On 29th March 1950 a Memorial Tablet was unveiled in school by Mrs Winifred Thomas (Chairman of the Governers) in memory of the past pupils who were killed in World War 2. In the evening a Memorial and Dedication Service was held at the Noddfa Chapel. Altogether it was a very moving and impressive ceremony and I will never forget the deep emotion felt on that occasion. John and I had the privilege of reading the lessons.
Earlier in the month, my sister Jayne was born. My mother, Daisy, had married Mesach Thomas from Victoria Street. She had left Tymeinor School, where her cooking had been much appreciated. Later she would take over the library shop in Oxford Street, and this she ran successfully for about 16 years. I think some will still remember her.
At school, we duly sat our “Highers,” most of them in a heat wave! In August Mr Thomas bravely took a group of us to Paris. What an inspiring guide he was and what a wonderful trip we had! We stayed in a large hostel and were served French peasant food, which I unexpectedly enjoyed. I particularly remember the pungent smell and taste of garlic. We climbed the Eiffel Tower, had a boat ride on The Seine and visited the lovely Versailles Palace. I also had my first taste of red wine and some of the boys had rather too much! It was great fun and an unforgettable experience.

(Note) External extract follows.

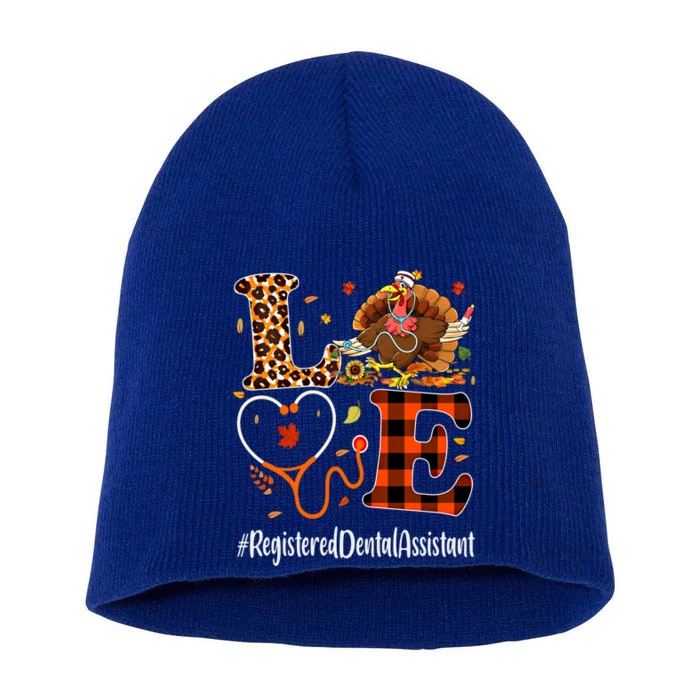 Registered Dental Assistant Love Thanksgiving Leopard Funny Meaningful Gift Short Acrylic Beanie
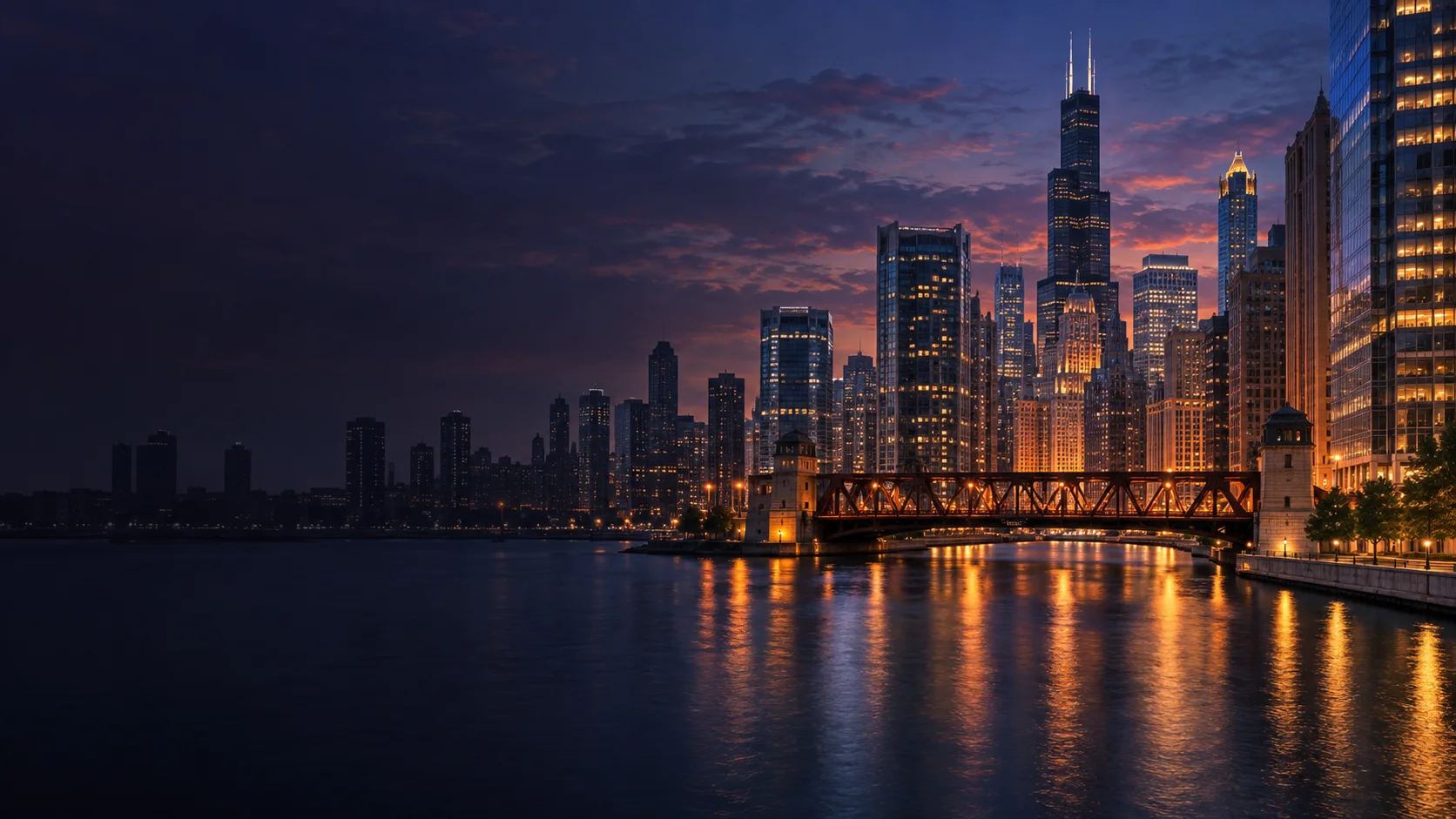 Chicago-inspired riverfront skyline at blue hour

All of us in the Upper VIth, had now formally left school, of course. Most were ready to go on to Higher Education. Some of the boys, however, chose to do their National Service first. My ambition was to be a school teacher and I left for College with my good friend Margo in late September that year. My family moved from Pontycymmer to Bridgend in 1957. I thoroughly enjoyed my teaching career in London before moving with my Scottish husband and two small children to Caerleon in 1972. Over the years I have revisited the Garw with Peter and my mother, both, alas, now deceased. Daisy was 96 when she died and still in possession of all her faculties. We never failed to have our fish and chips from the Waun Bant chip shop! Peter (Blacklaws) wrote a lovely song called “I Married a Garw Girl” which he sang on “All Kinds of Everything”, an HTV show of the early’80s. He was accompanied by The Risca Male Voice Choir. My family is very proud of that song.
Of course the valley has changed considerably over the years, but some of my old haunts remain. I did find that 87 The Avenue was now the end house of the terrace, as the one next door had disappeared. I still felt alarmed by this! I treasure my memories of the Garw, however — it always weaves that magic spell, which only a valley child would understand. I hope that by giving you this glimpse into my past, I have partly conveyed the true essence of my early life. I value my heritage and never wish to have been brought up anywhere else.